ほかの隊員や本部と連絡を取り合うため、無線機も装備します。イヤホンは支給されないケースもあるため、片耳式のイヤホンを準備しておきましょう。
【3号業務】貴重品・現金運搬警備
3号業務は、現金や貴重品などを運搬する業務であるため、次の装備が必須です。
- 警笛
- 帯革
- ネクタイ
- 無線機
- 警戒棒
基本の装備は施設警備と同じですが、貴重品や現金を運ぶ3号業務は「警戒棒」の装備が必要です。警戒棒とは、身の危険がある業務でのみ装備を許される、金属製または木製の護身用具を指します。また、防刃ベストや防弾ベストの装備を求められる場合もあります。
【4号業務】身辺警備
身辺警備とは、一般的にボディガードと呼ばれる業務です。重要な人物に付き添い、周囲の警戒にあたります。装備は、次のとおりです。
- スーツ
- ネクタイ
- 警戒棒
重要人物を警護するため、服装は警備員の制服ではなく、スーツにネクタイが基本となります。また、3号業務にあたる貴重品・現金運搬業務と同様に、警戒棒の装備も必要です。警察官がおこなうSP(セキュリティー・ポリス)とは異なり、拳銃などの携帯は許可されていません。
夏・冬を乗り切る警備員の必須アイテム
警備員にとって、暑い夏や、寒い冬は過酷な環境で警備をおこなうことになります。暑さや寒さを乗り切るため、次のようなアイテムを活用しましょう。
- 【夏】空調服・クールタオル
- 【冬】重ね着・マスク
屋外警備にピッタリのアイテムで、過酷な警備業務を乗り切りましょう。
【夏】空調服・クールタオル
夏の屋外業務では、空調服やクールタオルを活用しましょう。空調服とは、夏場でも風通しをよくするため、両脇にファン(扇風機)が取り付けられた服のことです。ファンから風が通るので、夏場でも暑さを感じにくくなります。

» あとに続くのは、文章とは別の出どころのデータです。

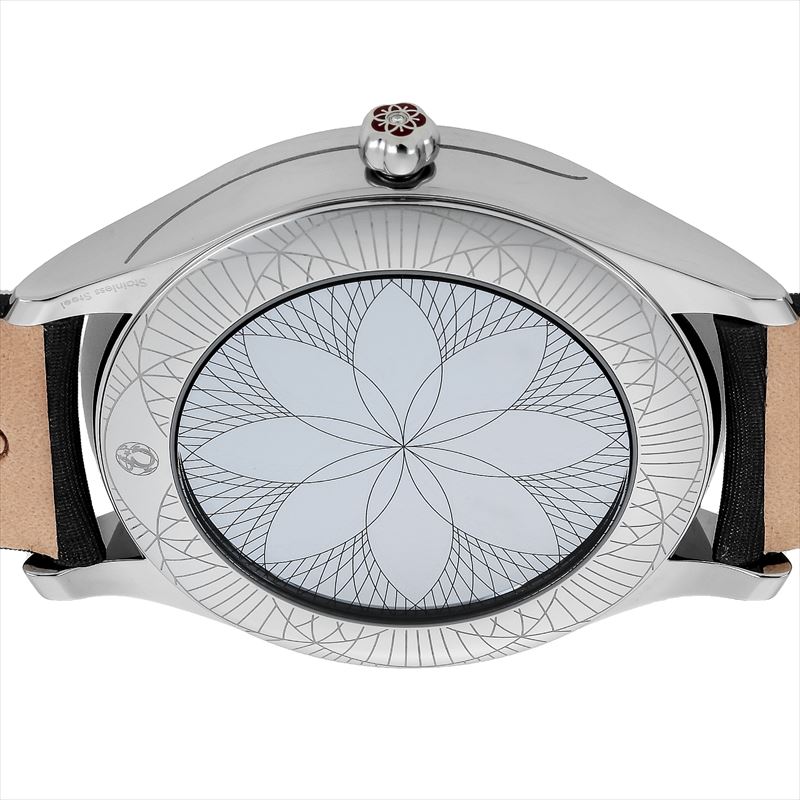 オメガ OMEGA 腕時計 レディース De Ville Tresor デ・ヴィル トレゾア ブラック 428.17.39.60.01.001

クールタオルは水に濡らすだけで冷たくなるタオルです。首元に巻けば、暑い環境でも活動しやすくなります。
ただし、空調服やクールタオルに頼りすぎるのは厳禁です。定期的に日陰で休憩し、水分や塩分を補給しましょう。
【冬】重ね着・マスク
冬場は、警備会社からコートや防寒ズボンが支給されます。寒さが十分に防げない場合は、ヒートテックやマスクの着用がおすすめです。加えて、ネックウォーマーや厚手の靴下で、風に触れる部分を少しでも減らしましょう。
注意すべきは、室内外の温度差です。室内の暖房で汗をかいたまま屋外に出ると、体が冷えやすくなります。室内外を行き来する場合は、温度調整がしやすい服装を心がけてください。

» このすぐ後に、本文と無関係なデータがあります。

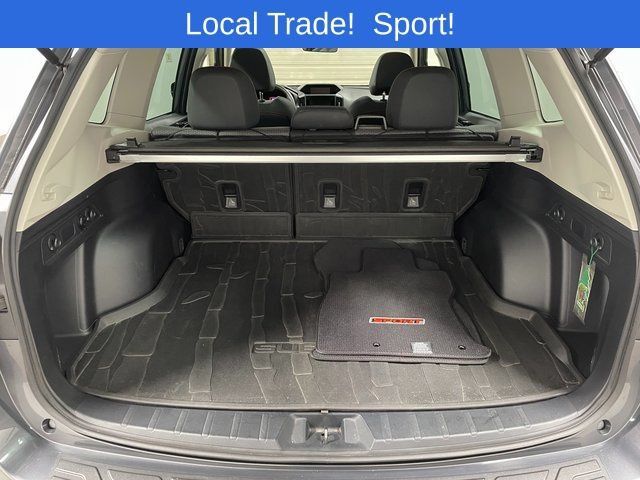 Used 2022 Subaru Forester Sport AWD/4WD image 25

冬場の防寒対策については、関連記事でも詳しく解説しています。
警備服をきっちり着て「見せる警備」をしよう!
警備員の服装は、警備業法の規定で定められています。公安委員会に提出された「服装届」の服装を着用しないと、勤務できない決まりです。また、服装の変更にも届出を必要とするため、勝手に服装を変更してはいけません。
警備員として勤務する際は、業務に合った服装・装備を身につけ、清潔感が出るようにしましょう。環境の変化に対応する際は、便利なアイテムを活用してみてください。